Wireless indoor localization has attracted significant research interest due to its high accuracy, low cost, lightweight design, and low power consumption. Specifically, ultra-wideband (UWB) time difference of arrival (TDOA)-based localization has emerged as a scalable positioning solution for mobile robots, consumer electronics, and wearable devices, featuring good accuracy and reliability. While UWB TDOA-based localization systems rely on the deployment of UWB radio sensors as positioning landmarks, existing works often assume these placements are predetermined or study the sensor placement problem alone without evaluating it in practical scenarios. In this article, we bridge this gap by approaching the UWB TDOA localization from a system-level perspective, integrating sensor placement as a key component and conducting practical evaluation in real-world scenarios. Through extensive real-world experiments, we demonstrate the accuracy and robustness of our localization system, comparing its performance to the theoretical lower bounds. Using a challenging multi-room environment as a case study, we illustrate the full system construction process, from sensor placement optimization to real-world deployment. Our evaluation, comprising a cumulative total of 39 minutes of real-world experiments involving up to five agents and covering 2608 meters across four distinct scenarios, provides valuable insights and guidelines for constructing UWB TDOA localization systems.

Paper Structure

This paper contains 14 sections, 6 equations, 10 figures.

Figures (10)

  • Figure 1: A conceptual diagram demonstrating the deployment of an indoor localization system in a shopping mall. The image illustrates heterogeneous agents, including ground robots and flying robots, leveraging the indoor positioning system to navigate seamlessly alongside customers while providing various services, such as item delivery or cleaning service. (This conceptual image is created from an image we generated using DALL·E 3 text-to-image models developed by Open AI.)

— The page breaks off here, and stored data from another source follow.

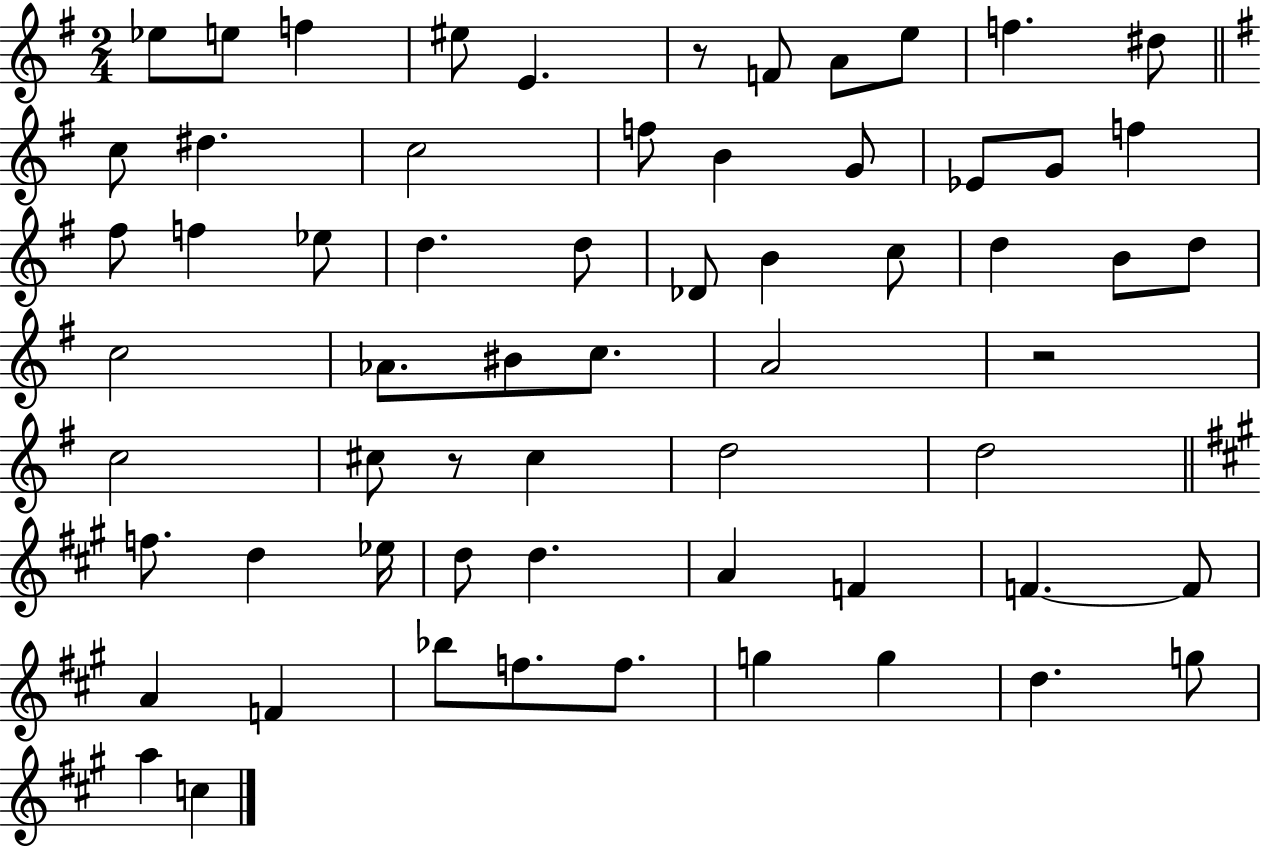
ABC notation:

X:1
T:Untitled
M:2/4
L:1/4
K:G
_e/2 e/2 f ^e/2 E z/2 F/2 A/2 e/2 f ^d/2 c/2 ^d c2 f/2 B G/2 _E/2 G/2 f ^f/2 f _e/2 d d/2 _D/2 B c/2 d B/2 d/2 c2 _A/2 ^B/2 c/2 A2 z2 c2 ^c/2 z/2 ^c d2 d2 f/2 d _e/4 d/2 d A F F F/2 A F _b/2 f/2 f/2 g g d g/2 a c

  • Figure 2: Conceptual diagrams for UWB TWR (left) and TDOA (right) localization system. In TWR, the UWB tag actively communicates with UWB anchors for localization. In TDOA, the UWB tag listens to the communications between anchors passively for positioning.

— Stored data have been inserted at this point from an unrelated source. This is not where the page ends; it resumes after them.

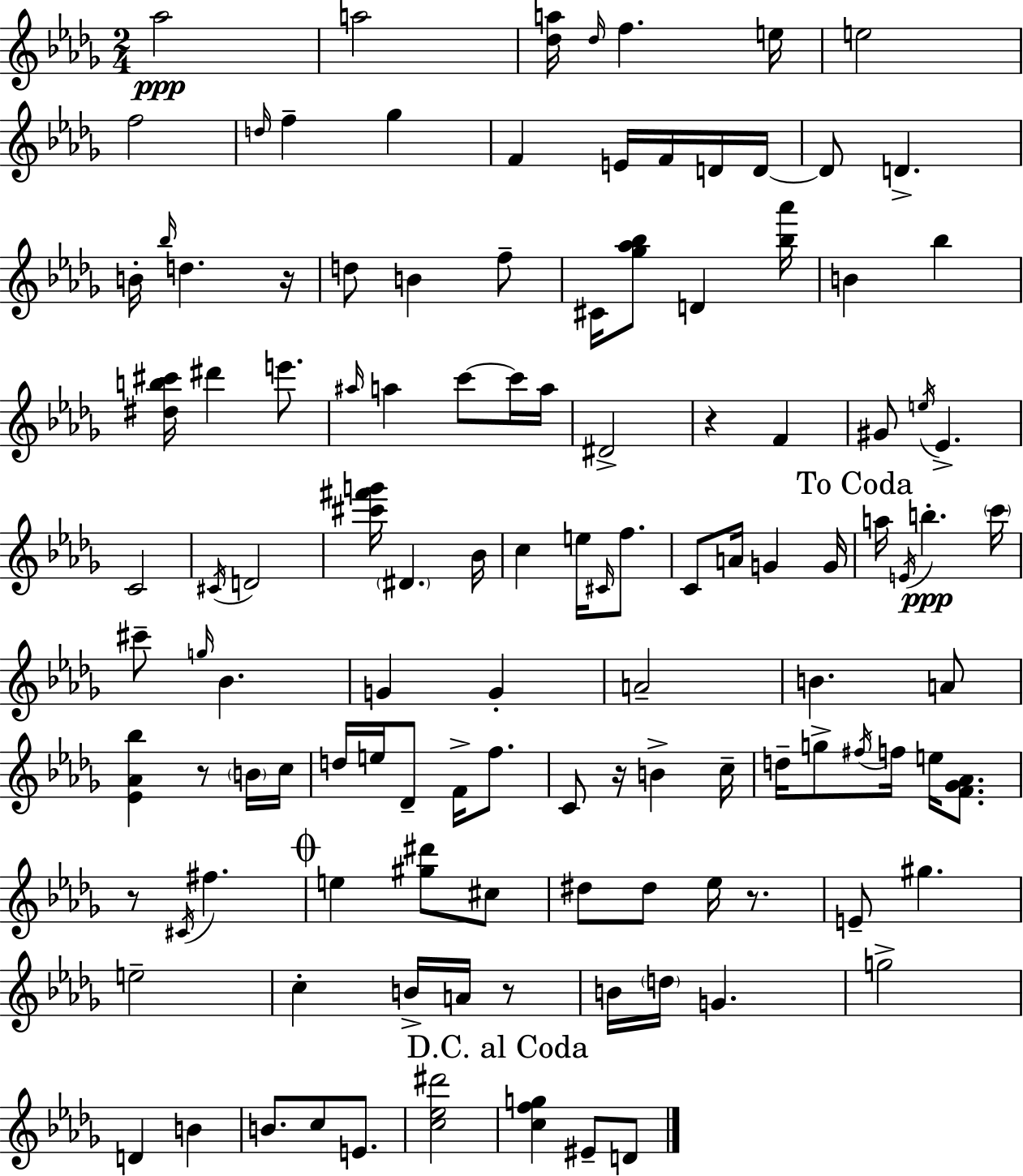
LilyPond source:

{
  \clef treble
  \numericTimeSignature
  \time 2/4
  \key bes \minor
  aes''2\ppp | a''2 | <des'' a''>16 \grace { des''16 } f''4. | e''16 e''2 | \break f''2 | \grace { d''16 } f''4-- ges''4 | f'4 e'16 f'16 | d'16 d'16~~ d'8 d'4.-> | \break b'16-. \grace { bes''16 } d''4. | r16 d''8 b'4 | f''8-- cis'16 <ges'' aes'' bes''>8 d'4 | <bes'' aes'''>16 b'4 bes''4 | \break <dis'' b'' cis'''>16 dis'''4 | e'''8. \grace { ais''16 } a''4 | c'''8~~ c'''16 a''16 dis'2-> | r4 | \break f'4 gis'8 \acciaccatura { e''16 } ees'4.-> | c'2 | \acciaccatura { cis'16 } d'2 | <cis''' fis''' g'''>16 \parenthesize dis'4. | \break bes'16 c''4 | e''16 \grace { cis'16 } f''8. c'8 | a'16 g'4 g'16 \mark "To Coda" a''16 | \acciaccatura { e'16 }\ppp b''4.-. \parenthesize c'''16 | \break cis'''8-- \grace { g''16 } bes'4. | g'4 g'4-. | a'2-- | b'4. a'8 | \break <ees' aes' bes''>4 r8 \parenthesize b'16 | c''16 d''16 e''16 des'8-- f'16-> f''8. | c'8 r16 b'4-> | c''16-- d''16-- g''8-> \acciaccatura { fis''16 } f''16 e''16 <f' ges' aes'>8. | \break r8 \acciaccatura { cis'16 } fis''4. | \mark \markup { \musicglyph "scripts.coda" } e''4 <gis'' dis'''>8 | cis''8 dis''8 dis''8 ees''16 | r8. e'8-- gis''4. | \break e''2-- | c''4-. b'16-> | a'16 r8 b'16 \parenthesize d''16 g'4. | g''2-> | \break d'4 b'4 | b'8. c''8 | e'8. <c'' ees'' dis'''>2 | \mark "D.C. al Coda" <c'' f'' g''>4 eis'8-- | \break d'8 \bar "|."
}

  • Figure 3: The system diagram provides a comprehensive overview of each component in our UWB TDOA localization system. The experimental setup of the multi-agent pedestrian localization is shown in (b). UWB anchors, enclosed by red circles, are installed in the space with positions surveyed by a Leica total station (a). The heatmap in (c) illustrates the localization performance of the anchor constellation shown in (b), calculated at a height of $1.5$ meters using sensor placement analysis. Lower root-mean-squared error (RMSE) is indicated as darker color. The hardware components of our UWB handheld device along with the onboard ESKF localization algorithm are shown in (d).

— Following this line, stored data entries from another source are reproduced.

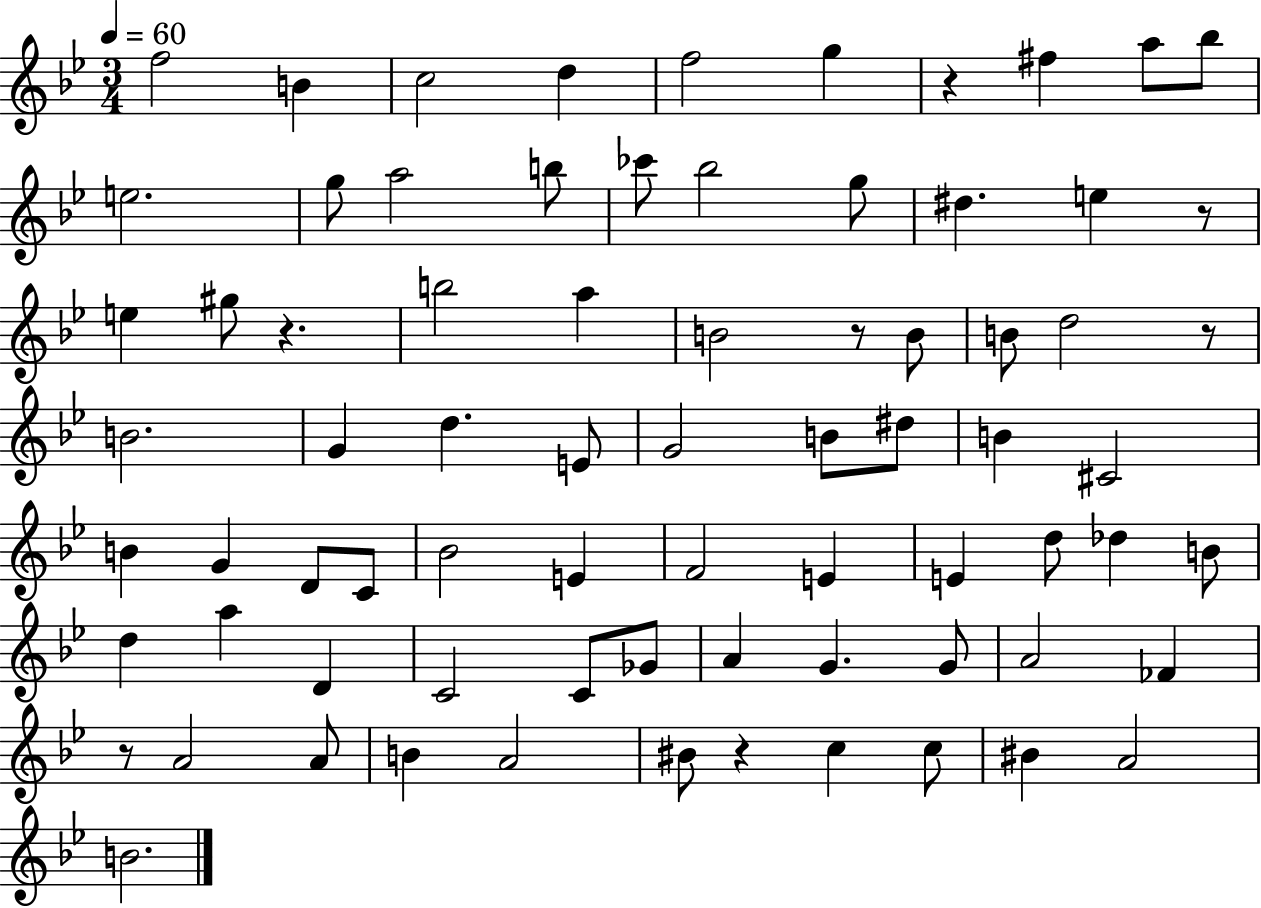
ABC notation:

X:1
T:Untitled
M:3/4
L:1/4
K:Bb
f2 B c2 d f2 g z ^f a/2 _b/2 e2 g/2 a2 b/2 _c'/2 _b2 g/2 ^d e z/2 e ^g/2 z b2 a B2 z/2 B/2 B/2 d2 z/2 B2 G d E/2 G2 B/2 ^d/2 B ^C2 B G D/2 C/2 _B2 E F2 E E d/2 _d B/2 d a D C2 C/2 _G/2 A G G/2 A2 _F z/2 A2 A/2 B A2 ^B/2 z c c/2 ^B A2 B2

  • Figure 4: The multi-agent pedestrian localization experiment with five agents in constellation $1$ is shown in the photo above. The estimated together with the ground truth trajectories of each agent during the experiments are shown in the bottom plots. Readers are encouraged to view our supplementary video (http://tiny.cc/uwb_tdoa_ram24) to gain a better insight into our experimental process and evaluate the robustness of the localization performance.
  • Figure 5: Comparison of the average experimental root-mean-square error (RMSE) for multi-agent pedestrian localization in Const. $1$ and $2$, along with localization under occlusion in Const. $1$ (Const. 1 Backpack), shown as blue bars, against the theoretical RMSE lower bounds represented by green bars.